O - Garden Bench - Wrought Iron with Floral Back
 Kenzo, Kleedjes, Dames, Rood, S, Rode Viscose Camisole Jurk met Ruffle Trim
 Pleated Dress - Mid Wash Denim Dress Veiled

════════

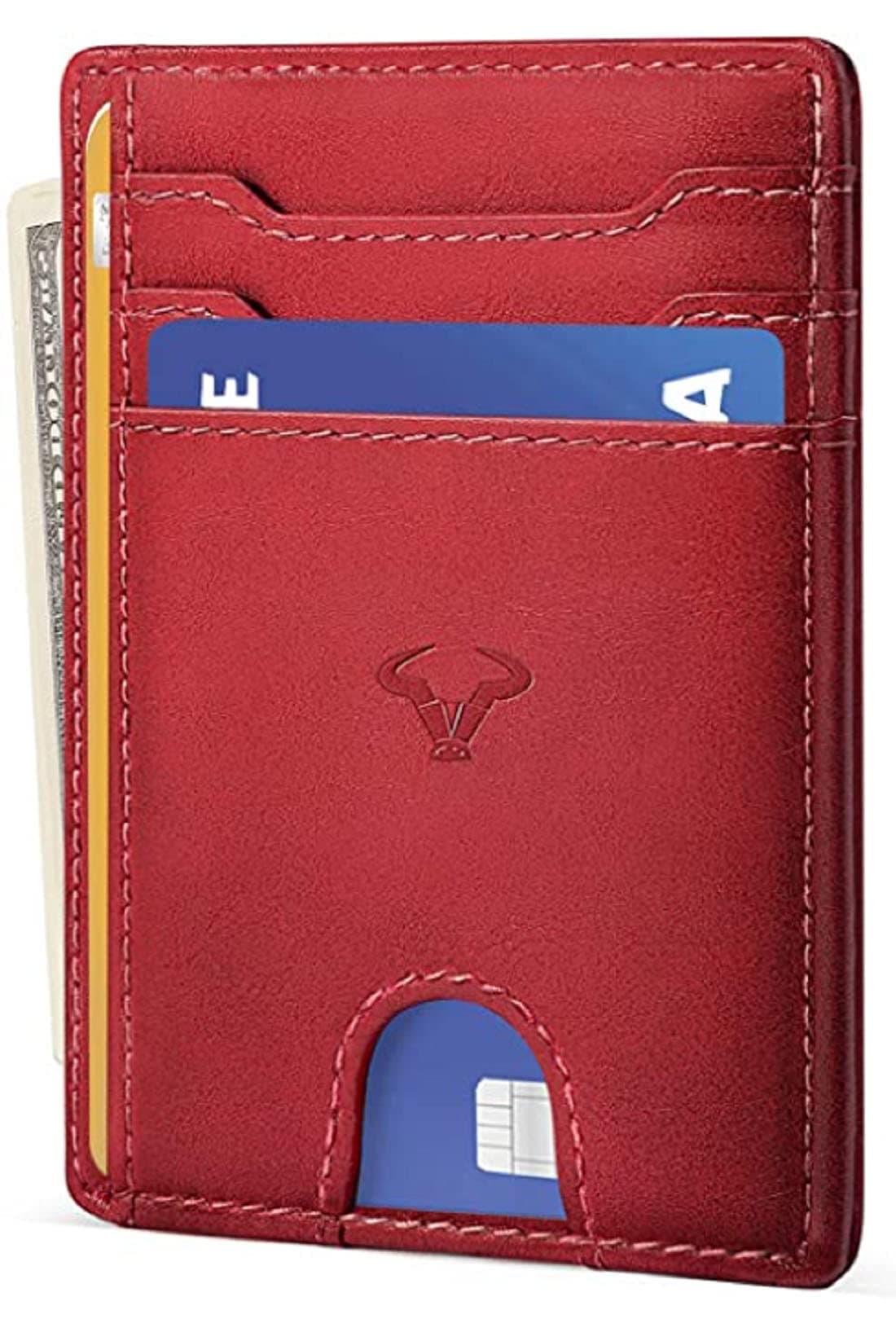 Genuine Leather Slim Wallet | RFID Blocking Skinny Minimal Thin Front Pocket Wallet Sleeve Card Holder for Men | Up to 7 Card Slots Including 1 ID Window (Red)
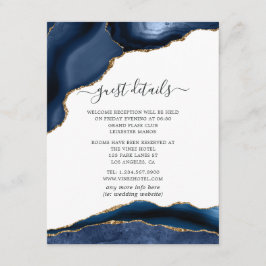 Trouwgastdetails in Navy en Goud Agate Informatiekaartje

════════

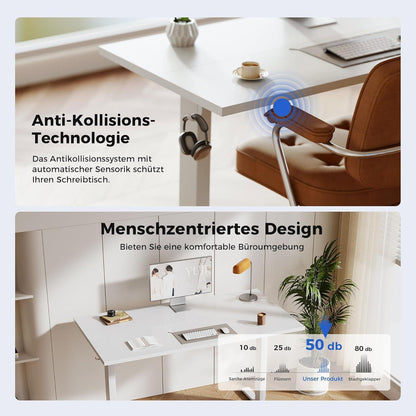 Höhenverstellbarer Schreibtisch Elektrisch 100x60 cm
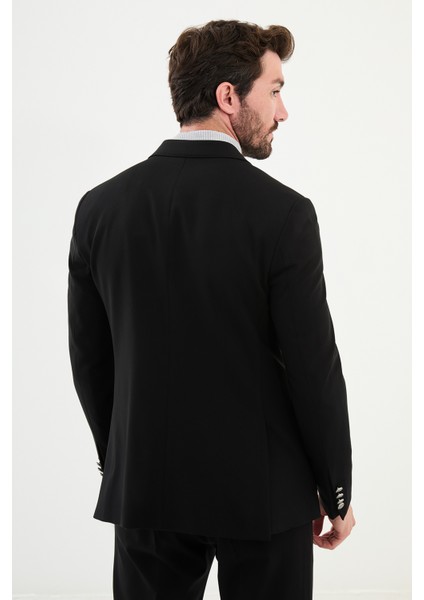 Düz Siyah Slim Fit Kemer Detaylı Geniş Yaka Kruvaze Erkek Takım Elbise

════════

# [Work required]
Among the entries above, copy exactly only the lines starting with the one containing "O - Garden Bench" and going through the one containing "Pleated Dress - Mid Wash Denim Dress Veiled", both ends included.

# [Response box]
O - Garden Bench - Wrought Iron with Floral Back
 Kenzo, Kleedjes, Dames, Rood, S, Rode Viscose Camisole Jurk met Ruffle Trim
 Pleated Dress - Mid Wash Denim Dress Veiled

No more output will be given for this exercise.